My first French ride and some thoughts on gates!August 18, 2011 | 9:41 pm
We are one week into our fortnight in France and I have managed to get three ‘proper’ rides in. Not too bad.
On Sunday, I went out just after 9.30am and did a loop across the valley via Portuis and back. Just over 35 miles through some pretty French villages.
I had set out with the notion that I would take pictures along my route of my bike leaning against gates. Not my idea at all but inspired by Bike and Gate, Jamie Bishop’s – @j4m1eb – online photoblog of…. wait… you guessed it… bikes and gates. I thought I ‘d try and make a couple of French contributions whilst we were out here.
It quickly occured to me though that in France, gates aren’t quite the same. What? I hear you say! A gate’s a gate, surely! Well, yes, strictly speaking that’s true, but in the sense of what they are used for in France, the difference is subtle but real. Most of Jamie’s pictures are of gates to fields, that you see when you are out riding, and I believe (although I stand to be corrected) this is where it started. Take a piccie of a gate as you pass it and send it to Jamie.

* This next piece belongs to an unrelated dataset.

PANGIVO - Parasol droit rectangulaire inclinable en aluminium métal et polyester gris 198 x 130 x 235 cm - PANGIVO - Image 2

Only, in France, the gates aren’t to fields. Although most of the areas I have cycled through are agricultural, I can hardly ever remember seeing a field with a gate. There might be elsewhere where livestock is kept in by gates, but fields of sunflowers and vines don’t tend to wander off if you haven’t shut the gate. Hence, no gates.
There are gates in the French countryside though, all over in fact. They tend to be larger and grander than our common or garden field gate, because they are the entrance to someone’s house, or farm. This is the bit that puts me off collecting pictures of my bike leaning up against them. It’s alright to lean your bike against the fence and try to get some nice scenery behind if its just a gate to a field, but if it’s someone’s house, it doesn’t quite feel right. Unless of course, they are used it… eh Jamie?
So, with that in mind, I was back to photographing more appropriate things for my surroundings. Which in Provence, certainly consists of field’s, hill’s and churches. Now this isn’t designed to turn into an eclisiastical tour of Provence but you are likely to see some of that sort of thing here, over the next few days!
My first stop of the ride was in Cadenet. A small village nestling on the side of a small cliff face, with what I think must be an old ruin at the top. I didn’t stay long enough to find that, but did see the church.
It was 10am on the dot when I got there and the bells were ringing, calling the worshippers in. I didn’t hang around to take communion – I’d look a bit odd doing that in lycra!
I’m not sure what it is – I can’t say I’ve ever seen anything like it before. There are lots of Madonna shrines dotted along the roads outside small villages in France but I’ve never seen a Madonna scarecrow before, and certainly not one in a wedding dress! Make of that what you will.
From here, most of the climbing was done and the ride was generally downhill back to the villa.
Overall, not bad, but I was left wondering whether the area we were staying in this year wasn’t as scenic as the part of Provence we were in last year, about an hour to the east.